Task to complete - Set down the whole listing below exactly. The pictures stay out.

Data shown -
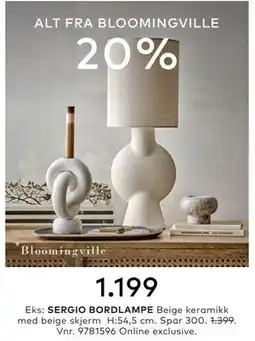 Skeidar SERGIO BORDLAMPE tilbud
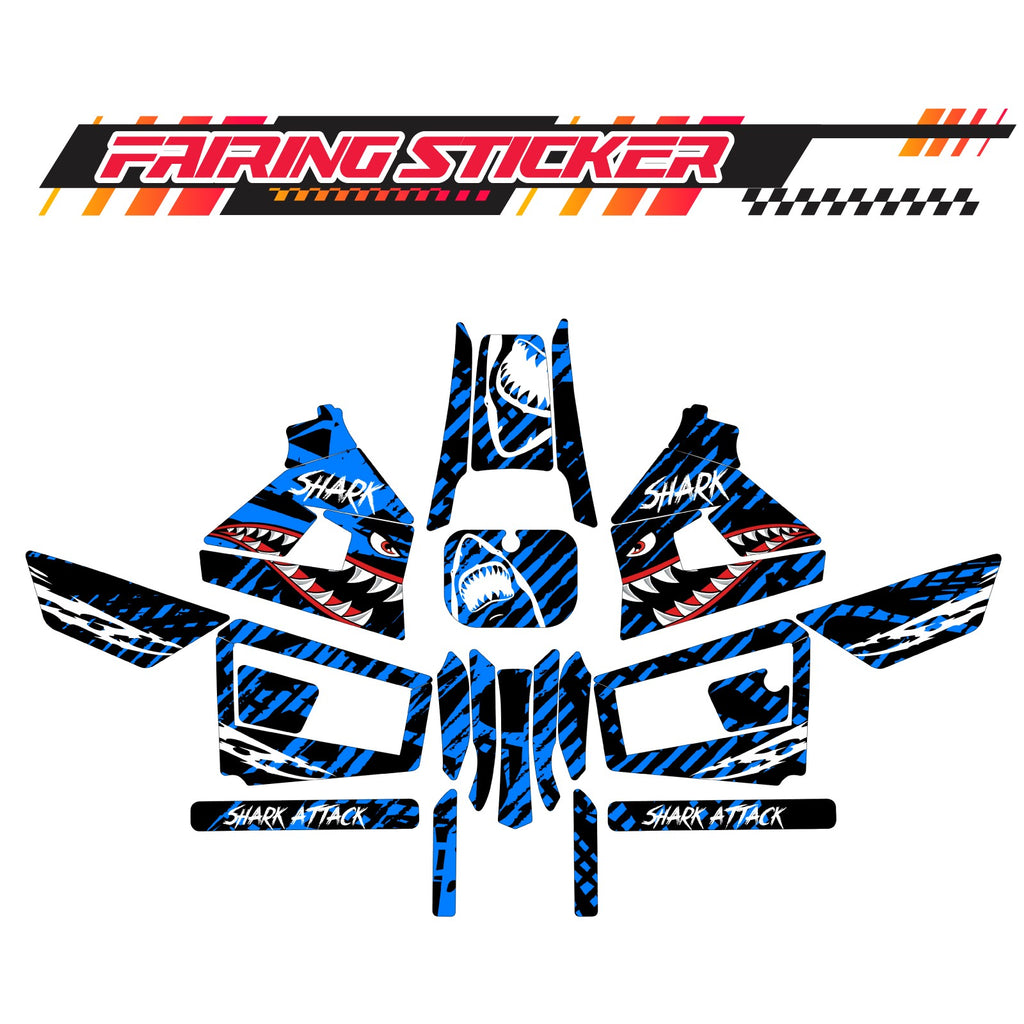 Graphic Kit Decals Fairing Sticker Custom Number For Razor MX350 MX400 ...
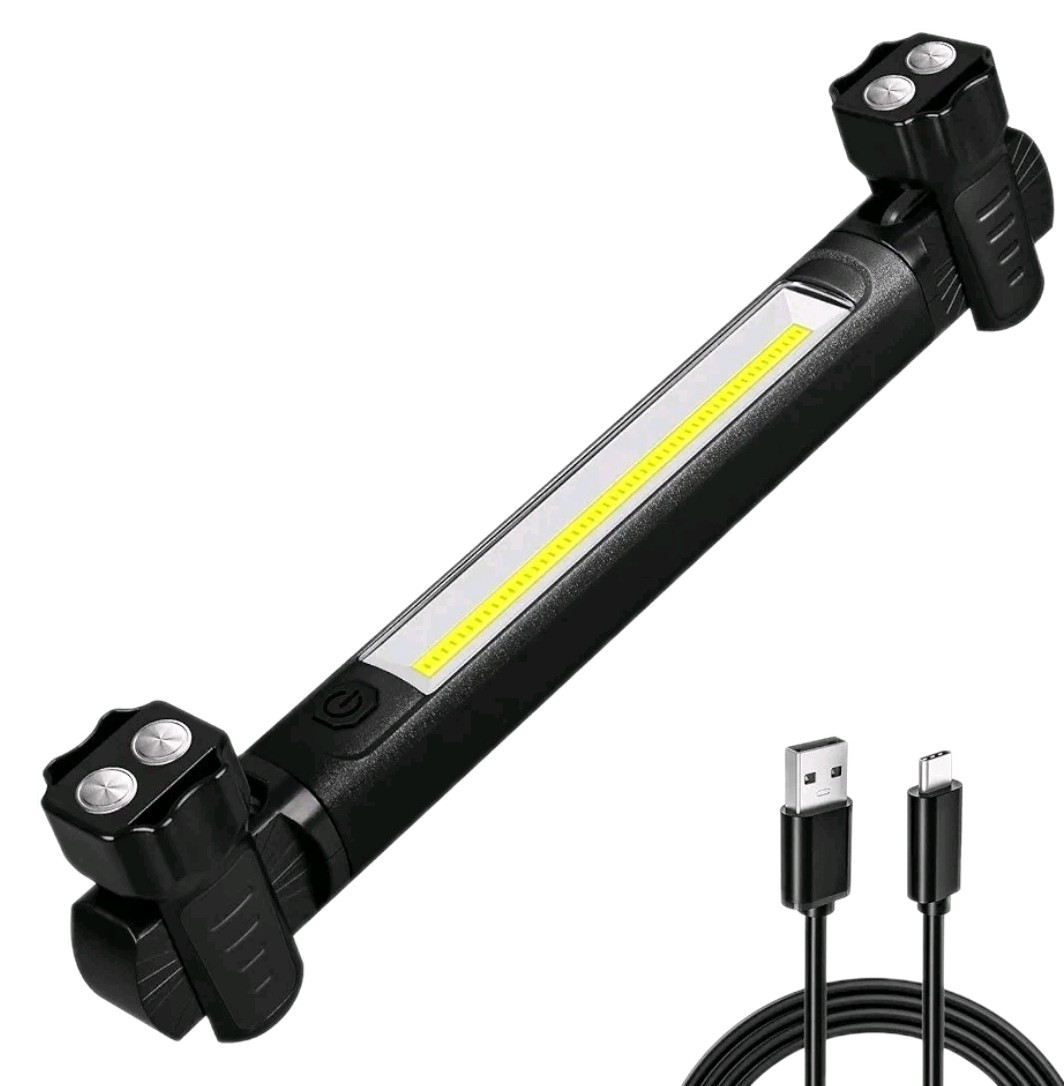 Work Light, 2500LM Ultra Bright, 5200mAh Rechargeable LED Work Lights, Magnetic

Completed exercise -
 Skeidar SERGIO BORDLAMPE tilbud
 Graphic Kit Decals Fairing Sticker Custom Number For Razor MX350 MX400 ...
 Work Light, 2500LM Ultra Bright, 5200mAh Rechargeable LED Work Lights, Magnetic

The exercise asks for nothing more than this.